Menu
Open source

Troubleshooting the OpenTelemetry Collector

The OpenTelemetry Collector is made of components such as Receivers, Exporters, Processors, Connectors, and Extensions. Each component is usually part of one or more pipelines. This article helps you figure out how to sort out common problems with the Collector and what to do if you suspect you found a bug.

Receiver issues

When your telemetry client generated data but it hasn’t been received by your backend, use the metric otelcol_receiver_accepted_spans to ensure that the data point has been received by the Collector. If you expect a data point to have been counted as part of this metric but hasn’t, check the metric otelcol_receiver_refused_spans to ensure it wasn’t refused by the Collector.

See Metrics for more information on the Collector’s own metrics.

When neither metric are showing that data points have been seen, it’s an indication that the Collector hasn’t received the data point at all. In that case, check the connectivity between your telemetry client and the Collector. When possible, simplify your networking between the source of data (typically your workload) and the Collector. For instance, try running everything directly on your machine instead of as containers.

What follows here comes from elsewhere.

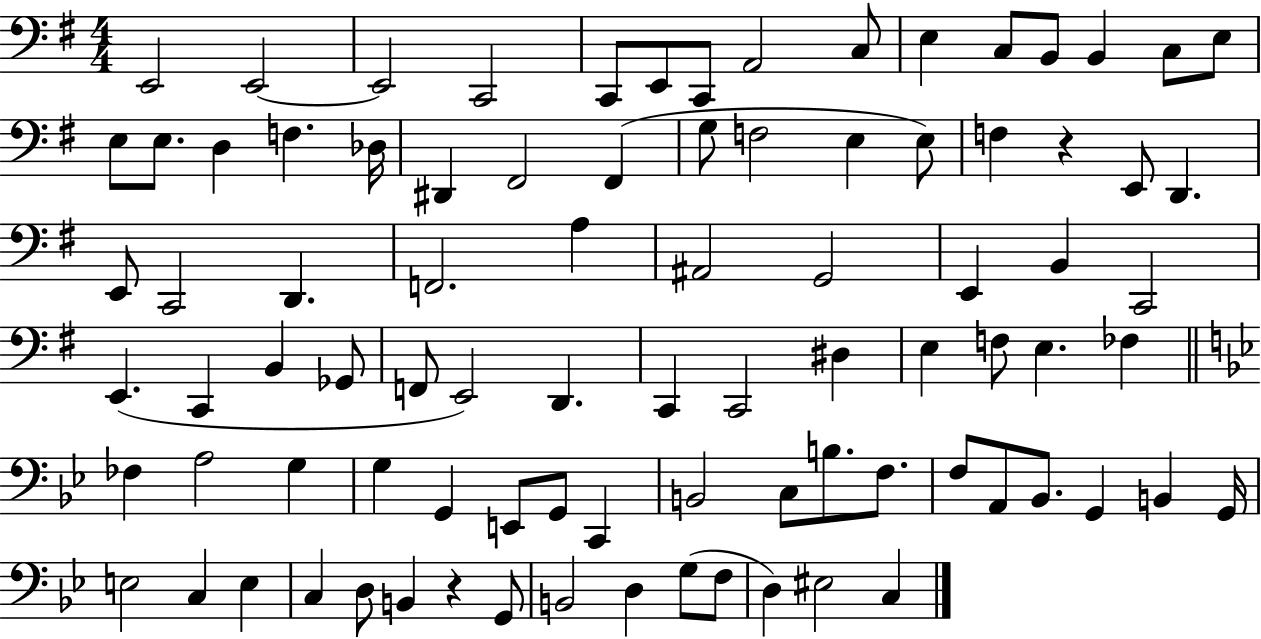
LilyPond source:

Refer to the Getting Started Guide for more information on how to run the Collector locally.

A quick way to verify whether data is being received by the Collector is to use a configuration similar to the following:

receivers:
  otlp:
    protocols:
      grpc:

exporters:
  logging:

service:
  pipelines:
    traces:
      receivers: [ otlp ]
      processors:
      exporters: [ logging ]

With that, you should see an output similar to the below when receiving data via a traces pipeline:

2023-05-05T15:04:58.982-0300	info	TracesExporter	{"kind": "exporter", "data_type": "traces", "name": "logging", "#spans": 512}

If you don’t see that, it’s a good indication that your receiver didn’t receive the data you were expecting.

Exporter issues

When you confirmed that your Collector received the data point, the next step would be to check the similar metrics on the exporter side: otelcol_exporter_sent_spans and otelcol_exporter_send_failed_spans. If you see only sent spans, the exporter reported that it was able to send all data points to the destination. In that case, check the logs at your backend for clues.

See Metrics for more information on the Collector’s own metrics.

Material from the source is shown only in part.